I was born in Shillong and spent my first 10 years there. In Meghalaya, it rains incessantly. After all, Meghalaya is the abode of clouds. We knew about Cherrapunji, or to refer to it by the right name, Sohra. We were proud that Cherrapunji (as it was called then) held a world record for being the world’s rainiest place and were mortified when it lost the record to some place in Colombia. Pride was regained when we learnt Mawsynram, also in Meghalaya, now held the record. Information gleaned at that young age isn’t always accurate. Depending on the metric (single day’s rainfall, single month’s rainfall, single year’s rainfall, some measure of average rainfall), Cherrapunji, Mawsynram and places in Colombia all hold records.
Our house had no tap water. Water came from wells, occasionally treated with chlorine. Getting everyone tap water is regarded as a desirable objective and, for rural India, is part of the Jal Jeevan Mission (National Rural Drinking Water Mission). The objective is also part of SDGs. Though a desirable objective, we should accept there is an implicit value judgement, a subjective premise in the proposition. The true objective should be safe drinking water, which may or may not be delivered through taps. For instance, I can get safe drinking water through streams in Meghalaya or wells in Kerala. That’s not inferior to unsafe water through taps. But let me not split hairs.
Houses in Meghalaya are constructed in a particular way, though modernisation is gradually making an assault. Near the roof, there were channels that caught the rain and funnelled it into huge storage drums. That water was an important supplement to water from the well. Our house wasn’t special. Many houses in Meghalaya had the same design. Since March 22, the Jal Shakti Abhiyan has the tagline ‘Catch the rain, where it falls, when it falls’. That’s what Meghalaya used to do. About five years ago, I visited Shillong and tracked down the old house, sold when we left Shillong. The house sits atop a small hillock. The house now has tap water. Wells and storage drums have disappeared.
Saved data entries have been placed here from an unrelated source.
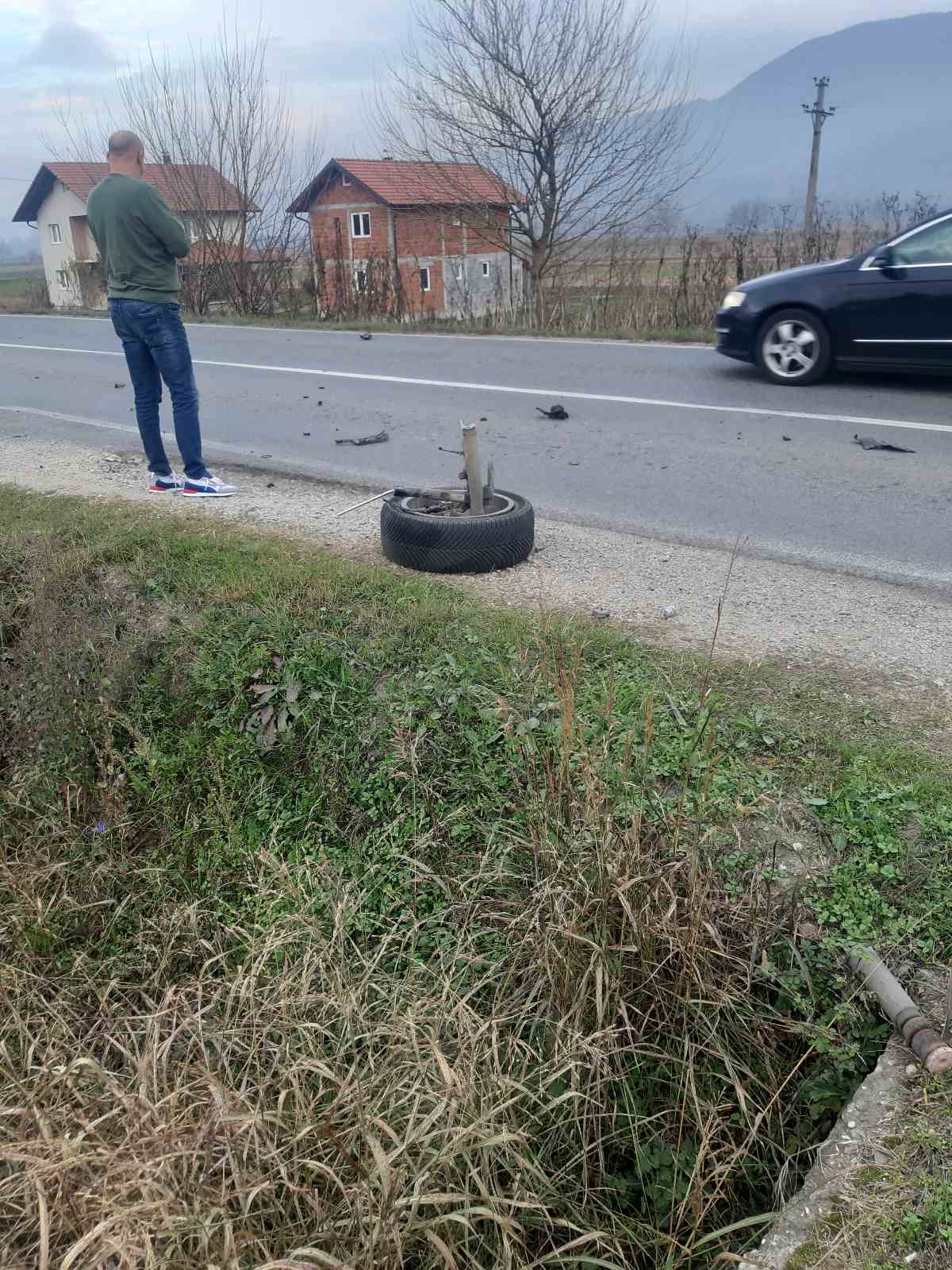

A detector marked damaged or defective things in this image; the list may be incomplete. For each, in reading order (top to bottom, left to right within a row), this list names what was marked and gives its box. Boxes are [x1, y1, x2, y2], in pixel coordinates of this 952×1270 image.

detached car tire [758, 310, 831, 387]
detached car tire [381, 492, 536, 575] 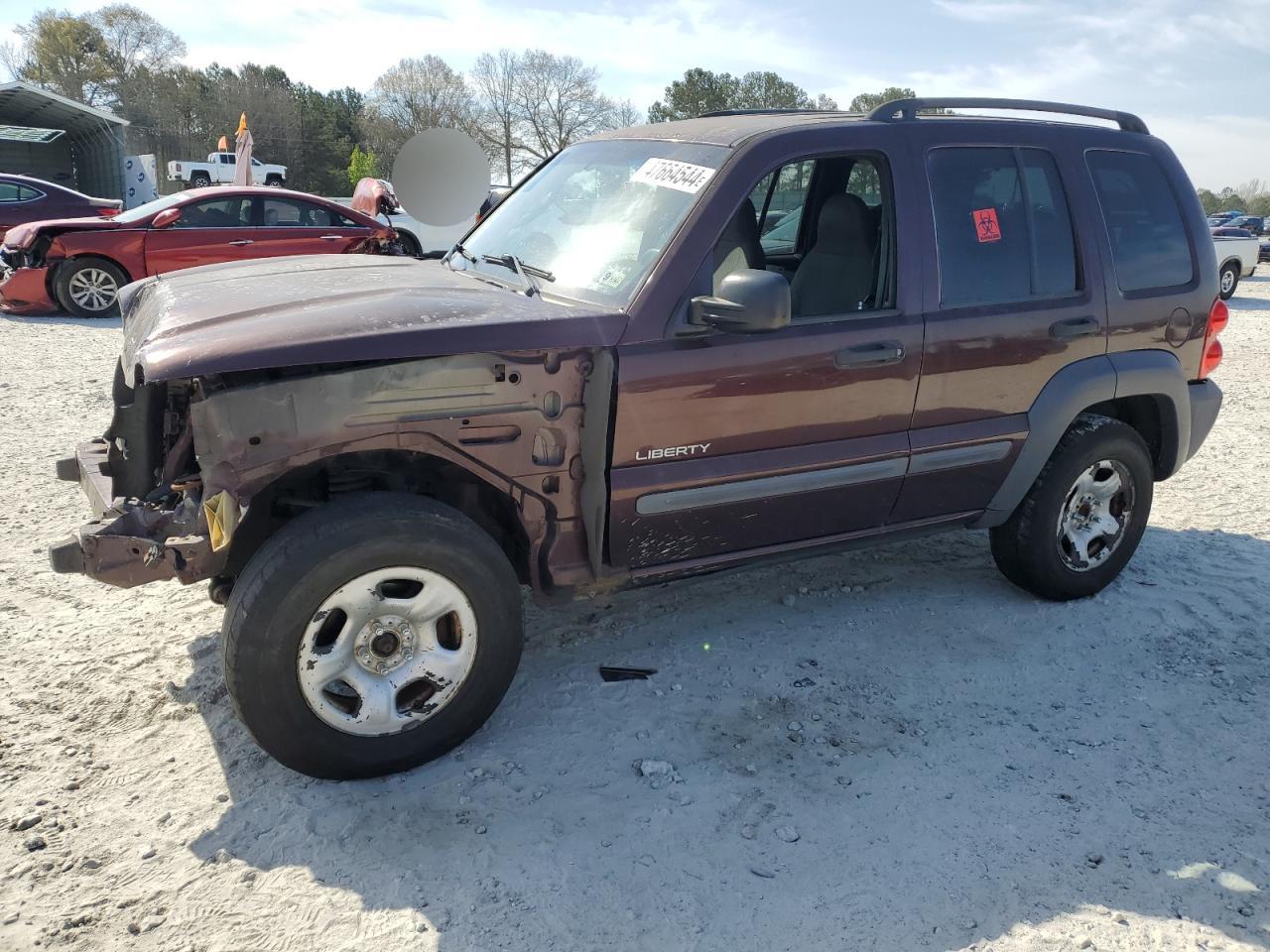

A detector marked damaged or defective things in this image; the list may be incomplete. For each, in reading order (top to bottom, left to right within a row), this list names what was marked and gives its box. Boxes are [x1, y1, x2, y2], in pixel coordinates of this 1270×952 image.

damaged red car [0, 187, 391, 318]
damaged purple jeep suv [47, 98, 1218, 781] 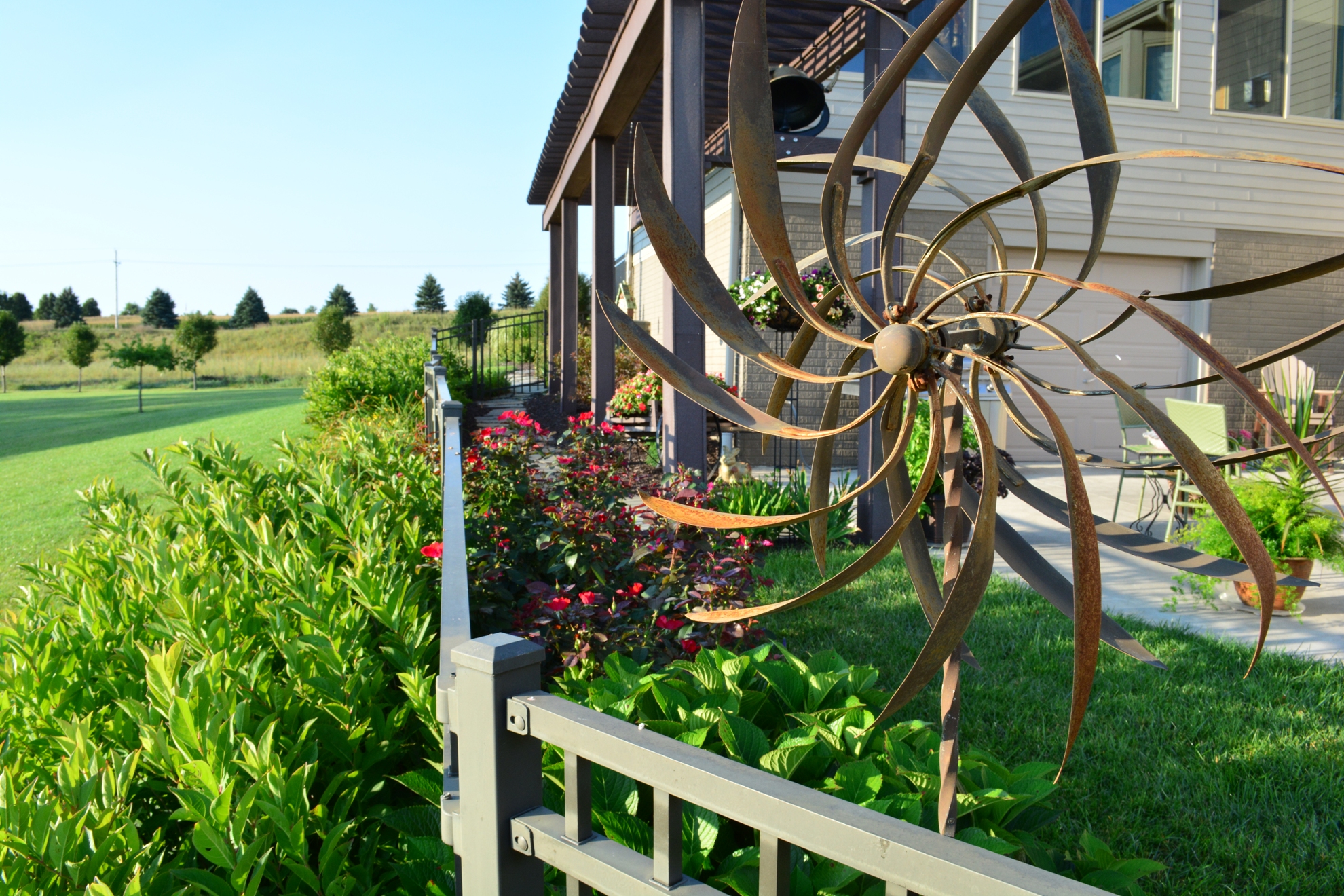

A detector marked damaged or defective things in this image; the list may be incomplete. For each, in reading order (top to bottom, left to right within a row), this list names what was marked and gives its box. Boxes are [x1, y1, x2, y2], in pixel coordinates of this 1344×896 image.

rusty metal blade [736, 0, 871, 349]
rusty metal blade [610, 294, 903, 441]
rusty metal blade [639, 373, 914, 529]
rusty metal blade [688, 389, 941, 629]
rusty metal blade [871, 368, 1000, 725]
rusty metal blade [956, 483, 1166, 666] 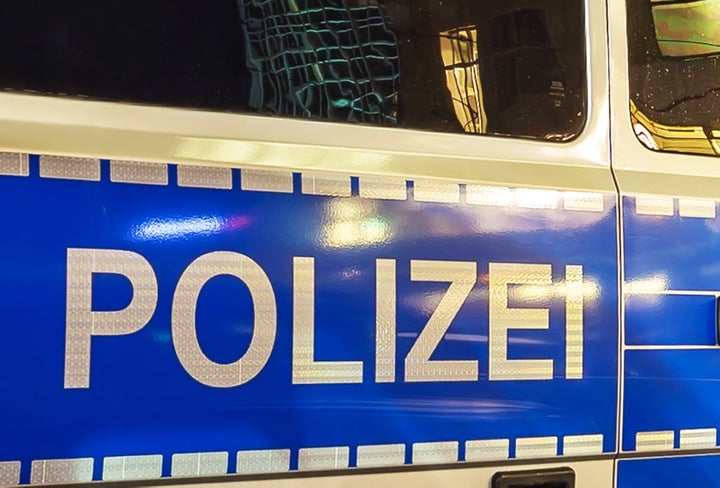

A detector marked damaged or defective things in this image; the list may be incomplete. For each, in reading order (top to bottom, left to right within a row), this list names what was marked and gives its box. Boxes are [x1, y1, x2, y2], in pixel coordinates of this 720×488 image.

cracked windshield [0, 1, 584, 143]
cracked windshield [624, 0, 720, 155] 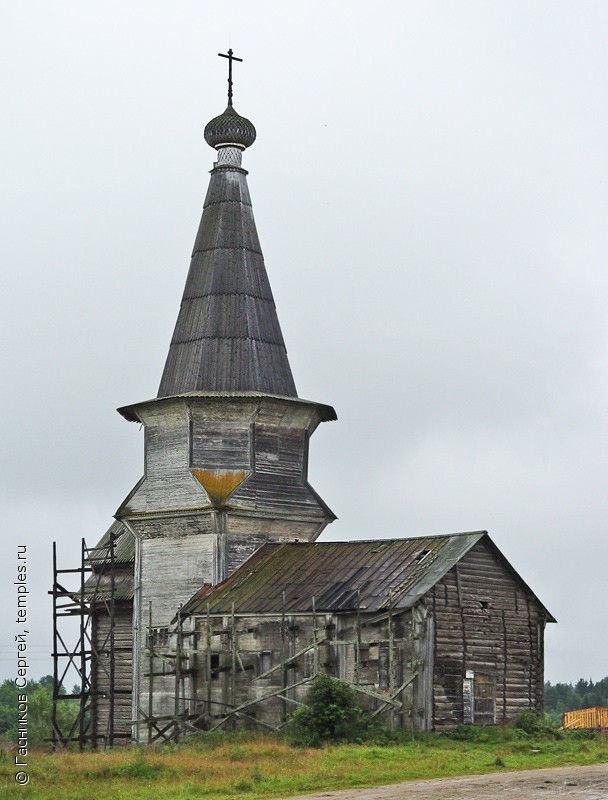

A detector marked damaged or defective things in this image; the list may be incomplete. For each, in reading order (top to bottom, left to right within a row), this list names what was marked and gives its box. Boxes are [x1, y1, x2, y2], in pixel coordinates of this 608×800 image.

rusty metal roof [180, 536, 490, 616] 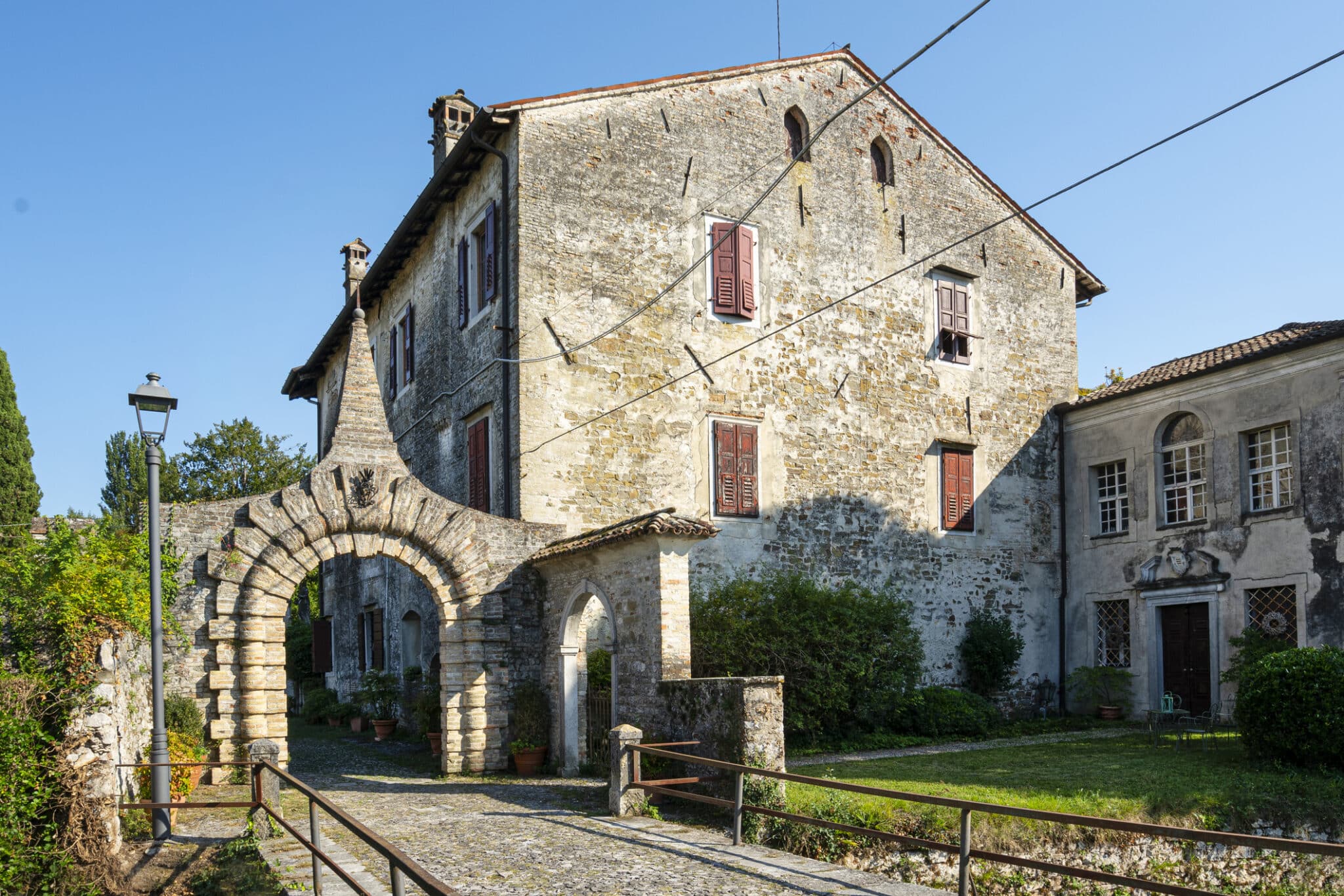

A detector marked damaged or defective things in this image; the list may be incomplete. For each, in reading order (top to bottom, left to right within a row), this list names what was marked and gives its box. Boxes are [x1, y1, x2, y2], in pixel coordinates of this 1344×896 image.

rusty metal handrail [629, 741, 1344, 896] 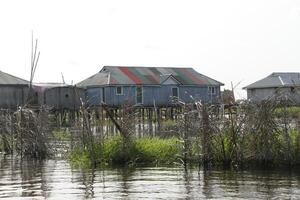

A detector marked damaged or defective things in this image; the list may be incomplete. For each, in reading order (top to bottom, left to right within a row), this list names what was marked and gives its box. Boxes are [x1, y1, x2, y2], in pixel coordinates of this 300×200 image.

rusty roof [77, 66, 223, 86] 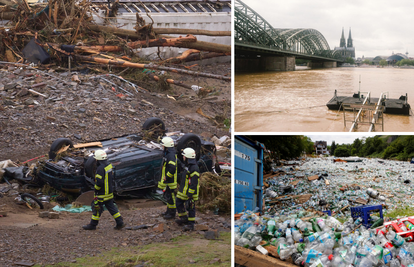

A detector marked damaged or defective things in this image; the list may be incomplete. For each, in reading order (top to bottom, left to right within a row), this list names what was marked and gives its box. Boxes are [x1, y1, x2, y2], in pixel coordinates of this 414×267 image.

damaged infrastructure [0, 1, 231, 266]
overturned car [32, 118, 217, 198]
damaged infrastructure [234, 136, 414, 267] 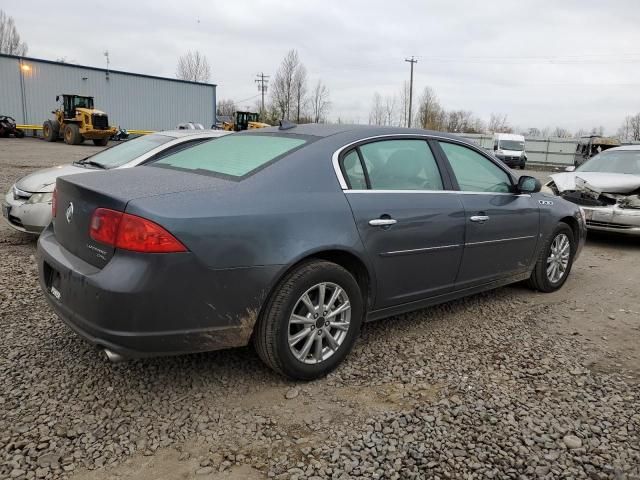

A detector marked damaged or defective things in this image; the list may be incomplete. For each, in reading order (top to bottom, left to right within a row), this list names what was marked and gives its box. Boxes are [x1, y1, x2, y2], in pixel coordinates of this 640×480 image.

damaged white car [544, 146, 636, 236] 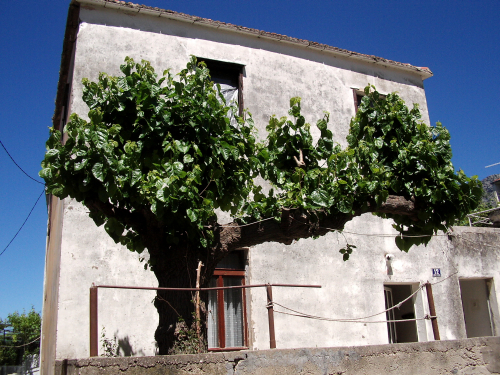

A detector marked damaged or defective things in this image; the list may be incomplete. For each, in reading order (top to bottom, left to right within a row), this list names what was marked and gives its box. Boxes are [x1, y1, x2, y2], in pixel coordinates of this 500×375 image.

rusty railing post [424, 282, 440, 340] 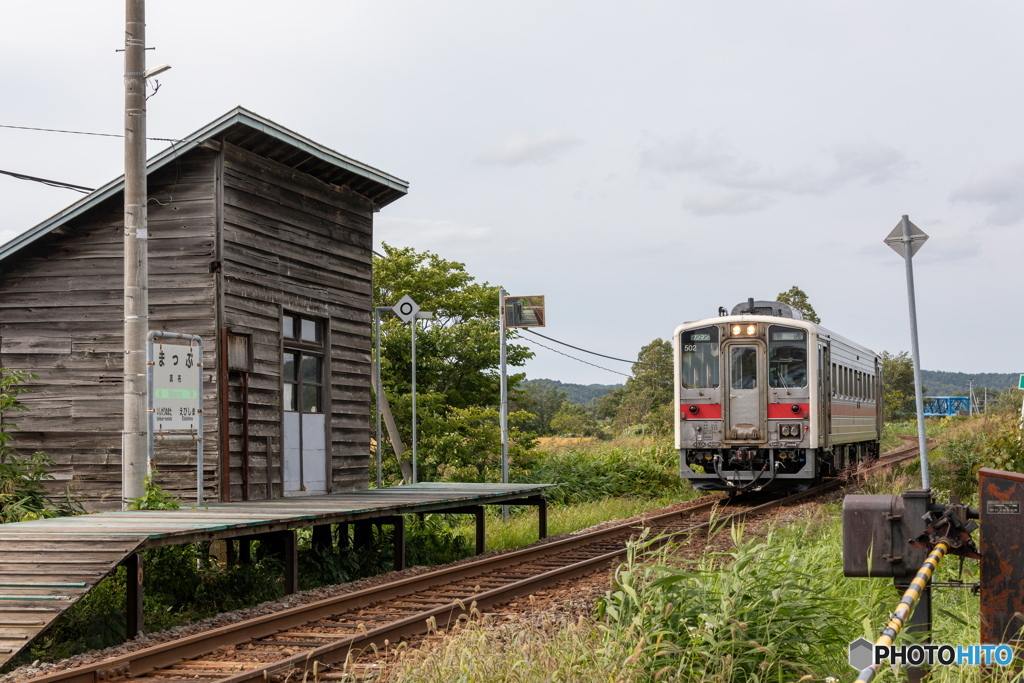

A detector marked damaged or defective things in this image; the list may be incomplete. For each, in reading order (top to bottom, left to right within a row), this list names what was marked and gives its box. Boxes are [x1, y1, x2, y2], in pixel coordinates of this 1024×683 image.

rusty railway track [16, 446, 920, 683] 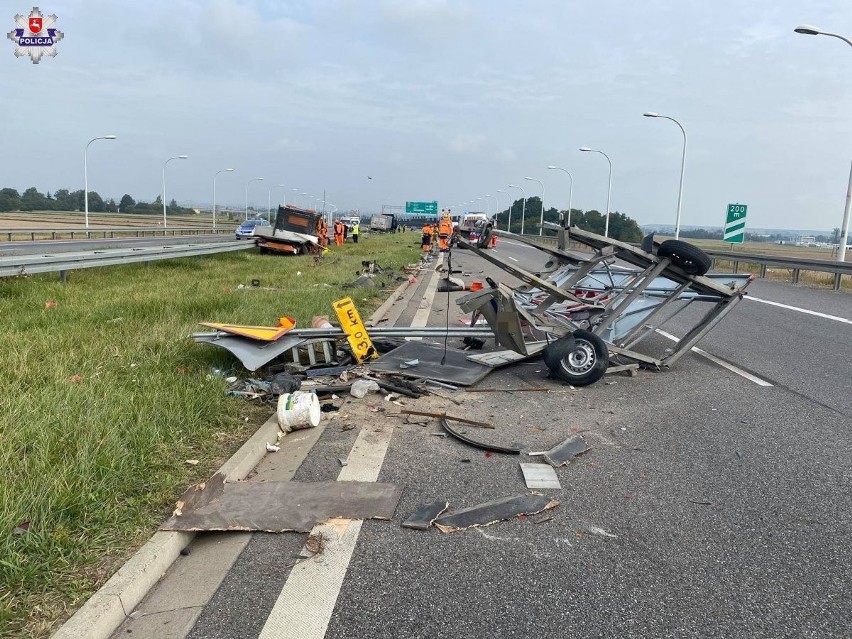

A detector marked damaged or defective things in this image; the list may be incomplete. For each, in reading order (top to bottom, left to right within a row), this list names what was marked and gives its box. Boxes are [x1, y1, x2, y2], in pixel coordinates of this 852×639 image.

I was thirsty and asked for a glass of water. I was given a bottle of branded bottled water, perhaps the only means now of ensuring that water is safe. (Tests show that not all branded bottled water is safe.) As for Cherrapunji, where it still rains incessantly, there is a shortage of drinking water.
India faces a water problem. In different documents, I have found three different statements. If you read them carefully, they are not identical. With its share of world population, India has (1) 4% of world’s water resources; (2) 4% of world’s renewable water resources; (3) 4% of world’s freshwater resources. Since 97.5% of world’s water consists of saltwater, the right indicator must be freshwater. In working out that 4%, there is a numerator and a denominator. What do I include in that denominator of world’s freshwater? Do I include water in glaciers, under polar ice caps, in the atmosphere and in soil too deep under the earth’s surface?
It seems to me there is subjectivity in determining the denominator. It is worse for the numerator, the India-specific part. What percentage of average annual rainfall do I include? Of annual flow of Himalayan rivers? Of groundwater potential? I haven’t found clear answers. Hence, the 4% number seems to be mechanically regurgitated. At one level, this is certainly pedantic. Whether it is 4% or 5%, there is no denying India has a water crisis. There is an aggregate water crisis and there is a distribution crisis, since rainfall ranges from copious Meghalaya to arid Rajasthan.
One would like to know the average annual per capita water availability. The Central Water Commission’s figure is 1,486 cubic metres for 2021. The World Bank says the figure is 1,100 cubic metres. This difference is too much and someone should reconcile definitions and data. Water stress occurs at less than 1,700 cubic metres and water scarcity at less than 1,000 cubic metres. In 1951, we had 5,177 cubic metres. By 2050, we are projected to have 1,235 cubic metres. There has been population explosion, inefficient collection of water and inefficient use (such as in agriculture). If any resource is under-priced, even if one ignores negative externalities, its use will be inefficient and excessive.
Everyone knows the big picture reform answer—decentralise, align policy design to river basins, sort inter-state issues, clearly define water rights (contrast surface water rights with groundwater rights), break down silos, revamp environmental laws, develop local capacity, introduce water user associations, revive traditional structures, rework irrigation and cropping patterns and price water properly. The Jal Jeevan Mission is the retail end and its track record has been impressive, with a target of 2024 for tap connections everywhere in rural India. The big picture template is that of the National Water Mission.